Горбачев, как уже было сказано, пытался с этим что-то делать. Например, начал переводить в Москву на высокие должности кучу людей как раз из ВПК и энергетики - тем более что в этих отраслях всё ещё действовал положительный отбор, а не отрицательный. Длинный дом на Старой площади (ЦК КПСС, ныне АП) начал наполняться машиностроителями, но не всеми подряд, а Председателем правительства, например, стал Рыжков - бывший директор Уралмаша, переведший завод в основном на выпуск бурового оборудования. Сменит его Силаев - министр авиапрома (до этого - директор нижегородского "Сокола", где делали истребители МиГ). И даже после крушения Союза в 1992-98 правительство независимой России будет возглавлять бывший министр газовой промышленности Черномырдин. То есть две отрасли, на которых все ещё держались экономика Союза (энергетика) и его статус супердержавы (ВПК), получили политическое влияние, соответствующее их роли.
Одновременно Горбачёв начал демократизацию. Уже в 1987 году начались альтернативные выборы во многие местные Советы (до этого с 1918 года в бюллетене был всегда только один кандидат). Шли выборы на предприятиях. В самом начале 1989 года даже прошли реально конкурентные выборы Съезда народных депутатов, который формировал парламент страны (Верховный совет).
И тут случилось страшное. Во всевозможные Советы всегда выбирали местное начальство. Начальство это говорило дежурные речи перед выборами и не парилось. А тут пришлось реально участвовать в выборах, и даже иногда реально с кем-то дебатировать. То есть начальникам пришлось хотя бы иногда говорить публично речи не по бумажке. А начальники-то к концу советской власти были как на подбор - дубина на дубине (опять же, не все и не везде, умные не только в ВПК и энергетике обитали, но в массе, особенно в глубинке, всё было очень печально. Десятилетия отрицательного отбора - как минимум с начала брежневской эпохи, когда главными качествами начальника были не мозги и работоспособность, а умение договариваться, интриговать, проявлять лояльность и всегда говорить правильные слова, дали о себе знать).

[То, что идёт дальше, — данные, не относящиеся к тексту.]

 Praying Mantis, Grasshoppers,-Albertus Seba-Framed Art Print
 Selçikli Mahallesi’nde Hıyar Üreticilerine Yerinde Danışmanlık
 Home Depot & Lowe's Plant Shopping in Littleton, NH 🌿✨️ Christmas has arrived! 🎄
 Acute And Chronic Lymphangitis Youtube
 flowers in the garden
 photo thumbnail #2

И эти начальники начали что-то говорить не по бумажке. Не то, чтобы раньше в отношении их умственных способностей были какие-то иллюзии, но в глаза не бросалось. А тут начало бросаться. Миллионы людей, в первую очередь на тех самых "островах эффективности", где мозги ценились, увидели, что основной правящий слой страны состоит из дураков. Не каких-то безжалостных сторонников железной руки, не убеждённых коммунистов, не коварных мастеров политических манипуляций - нет, просто из дураков, не способных связно произнести пять слов.
При этом на самых верхних уровнях правящего слоя теперь сидели люди из ВПК и энергетики (тащившие за собой по цепочке своих людей), которые всё-таки привыкли работать в другой среде. И глядя на идиотов с отвисшими щеками и выпученными от напряжения глазами, пытавшихся пыхтеть на "встречах с избирателями" какие-то оставшиеся в головах лозунги, они думали - а на кой чёрт всё это сохранять? Может, лучше сломать всё к чертям?

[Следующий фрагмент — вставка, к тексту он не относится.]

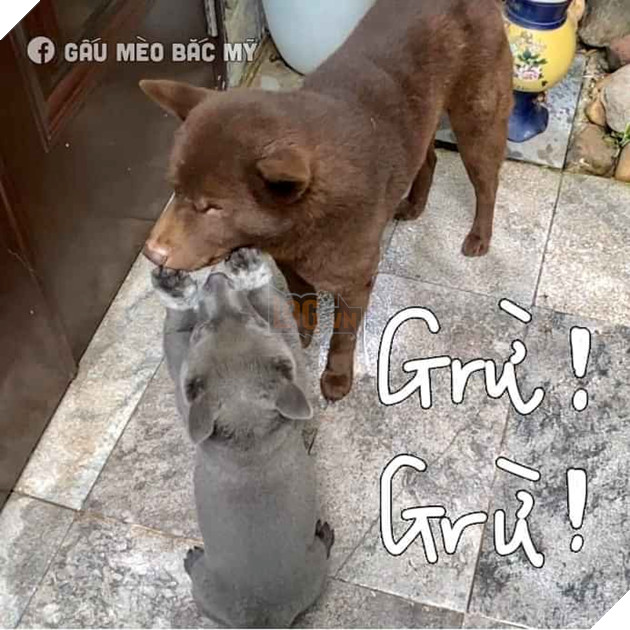 Idol Nguyễn Văn Dúi trở mặt nhanh như lật bánh tráng , tranh ăn xúc xích với chó nâu nhưng biểu cảm của boss kia mới thực sự gây cười!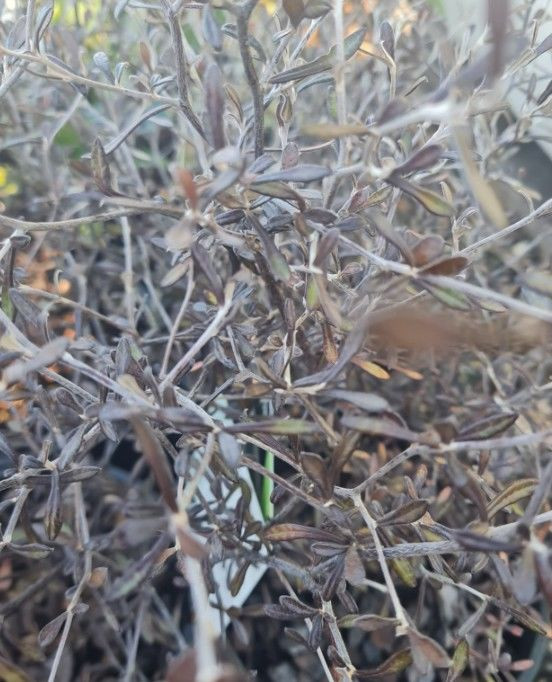 Corokia 'Silver Prince' 2L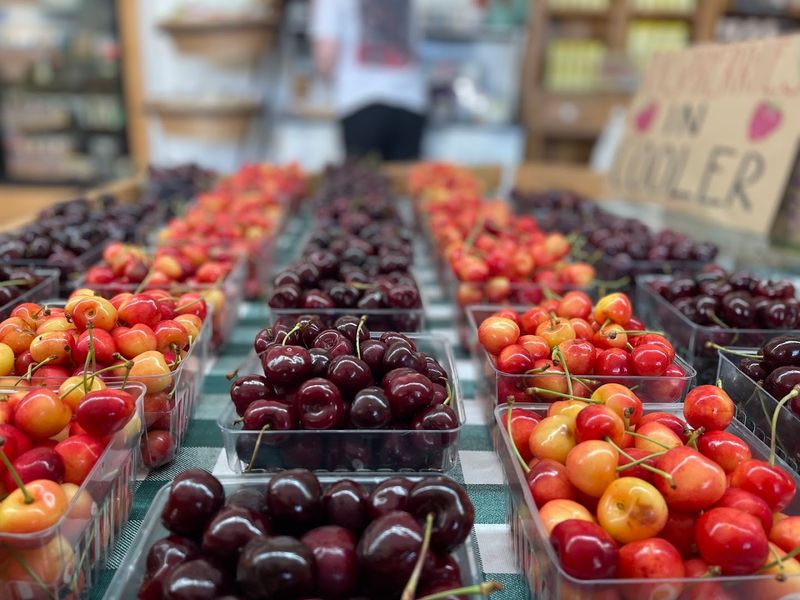 King Orchards, Central Lake, Antrim County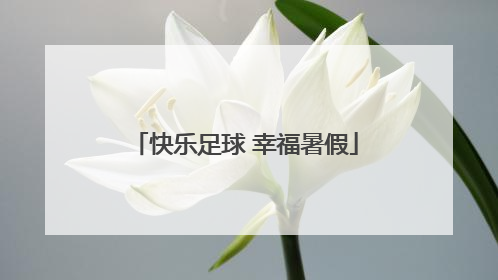 快乐足球 幸福暑假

Сломать получилось; сразу после этого стало, правда, ещё хуже, причём гораздо хуже. Ну потом начала строиться новая система, в которой где-то заработал положительный отбор, где-то снова отрицательный; это уже совсем другая история.

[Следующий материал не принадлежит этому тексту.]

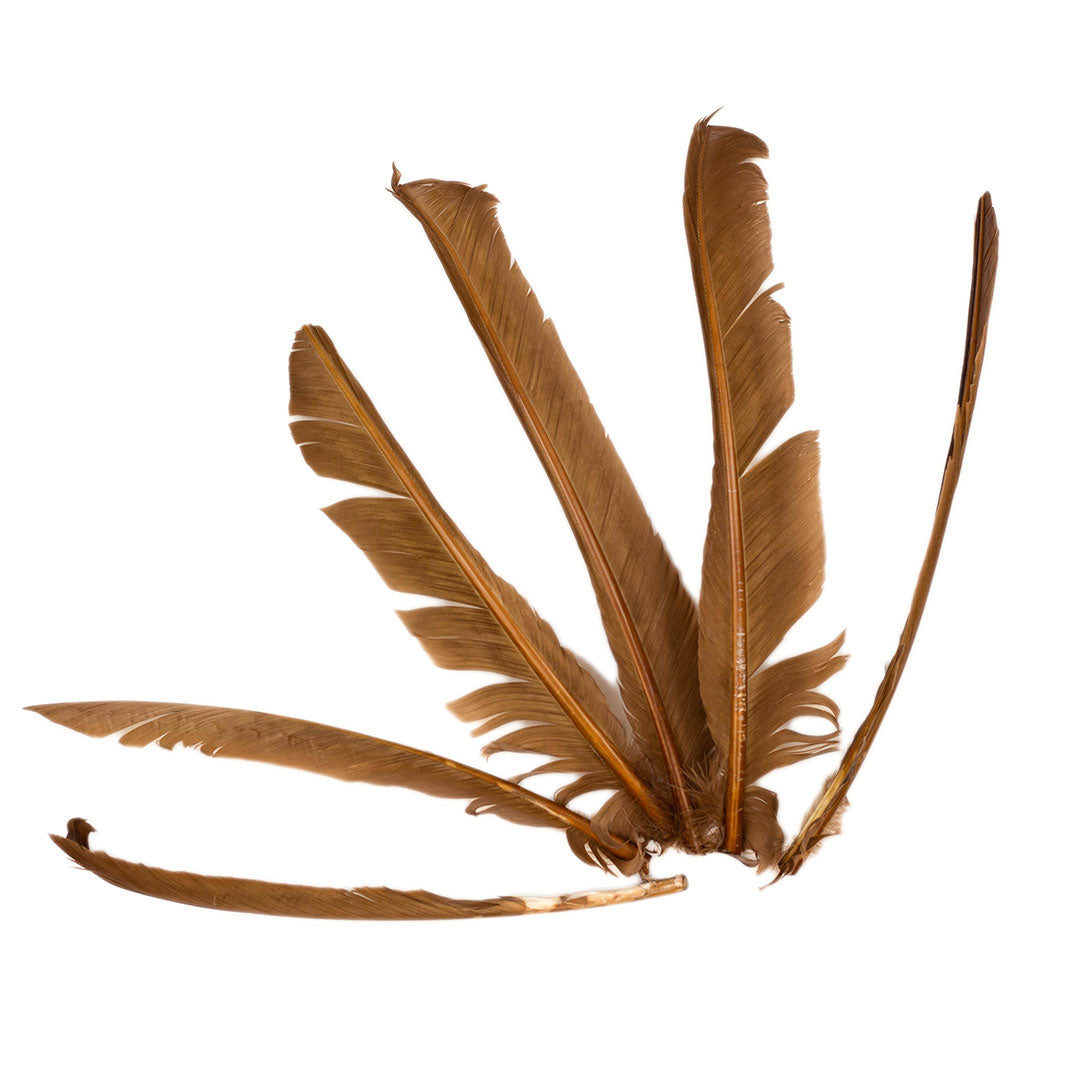 Camel Cut Turkey Pointer Feathers 8-12"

Какой вывод из этого можно сделать? Чтобы всё не развалилось, лучше всего, во-первых, продолжать держать "острова эффективности" в изоляции, во-вторых - начальникам за пределами этих островов запрещать вообще что-либо произносить от себя; только строго по бумажке, буква в букву, ещё заранее репетировать перед зеркалом не меньше пяти раз. И первое, и второе, естественно, ведёт к стагнации и загниванию, но зато всё будет спокойно и ничего не развалится.
Есть, правда, альтернатива - как-то делать так, чтобы дураки не становились начальниками. Но фантастические сценарии мы обсуждать не будем.